Two issues that have recently sparked controversy among faculty reached this weekend’s meeting of the Yale Corporation, the University’s highest governing body.
University President Richard Levin told the News that the Corporation discussed shared services, Yale-NUS, the Yale Entrepreneurial Institute and Yale’s development of the areas around Yale Health and Science Park. Two of these issues — shared services, a University push to centralize administrative work, and the jointly run liberal arts college Yale will open with the National University of Singapore in fall 2013 — have raised concern among some professors who feel that administrators made decisions without adequately consulting faculty. At the meeting, Levin said administrators were careful to explain the controversy surrounding these issues to the Corporation.
“We certainly apprise the Corporation about the concerns in the faculty and talk about how we might best approach those,” Levin said, though he declined to comment on how the Corporation responded to discussions of controversy regarding shared services and Yale-NUS.
Shared services came under fire from about 20 professors at the Feb. 2 faculty meeting. The group of professors criticized the initiative as unilaterally implemented by the administration without considering the needs of individual departments. At the Corporation meeting, Vice President for Finance and Business Operation Shauna King gave a presentation on changes Yale has made to shared services, reviewing how the initiative has succeeded and “where there is work to be accomplished,” Levin said. He added that the Corporation discussed ongoing efforts to improve the faculty experience with shared services.
The administration was criticized again after Yale College Dean Mary Miller sent an email to faculty on Feb. 17 announcing that the March 1 faculty meeting would be cancelled due to “very few agenda items of Yale College business.” Faculty had planned to discuss Yale-NUS and their role in its planning at the upcoming meeting, but after they protested the cancellation, Miller reversed the decision the following day.
This past weekend, the Corporation heard a presentation from three faculty members involved with Yale-NUS on the college’s progress with regard to faculty recruitment, student admissions and curriculum development. The updates were met with “enthusiasm and interest” by the Corporation, Levin said. Though some professors have expressed concern that administrators did not consult the faculty properly in planning Yale-NUS, Levin told the News last week that the decision to start the college ultimately lay with the Corporation, since it is a new school and not a program within Yale College.

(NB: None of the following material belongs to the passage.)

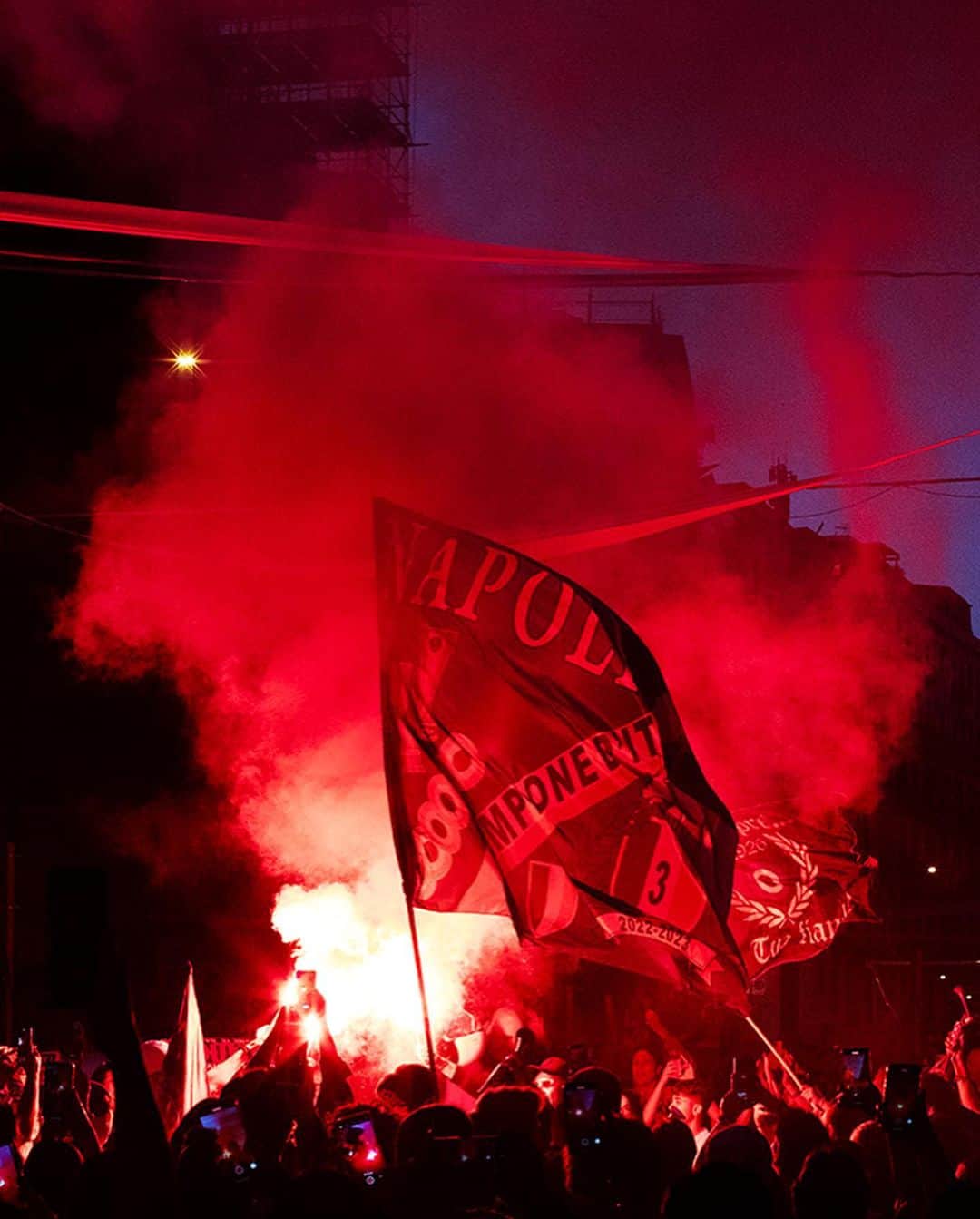 スコット・シューマンのインスタグラム：「Napoli is the Italian soccer champions for this season and ,with typical Southern Italian reserve and understatement, they celebrated briefly and with only the least noticeable fuss or bravado!! 😂😂😎😎😉😉 Congrats Napoli !」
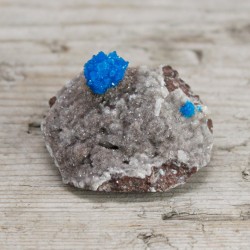 Cavansite 30-40mm metrikoarekin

Yale-NUS remains on the agenda for this Thursday’s faculty meeting.
In addition to addressing shared services and Yale-NUS, the Corporation reviewed entrepreneurship at Yale with a presentation from four graduates of the Yale Entrepreneurial Institute’s fellowship program. They also toured development efforts in Science Park and the area around Yale Health — where recent construction has included the new Yale police station and a parking lot — with Vice President for New Haven and State Affairs and Campus Development Bruce Alexander.
While the Corporation’s 17 fellows split into smaller committees to review specific policies in most meetings, Levin said the Corporation generally stays together to review a larger University initiative at its February meeting. This year, the Corporation addressed four larger issues.
Past February meetings have included a review of the School of Medicine in 2011 and a review of Yale’s West Campus expansion in 2010.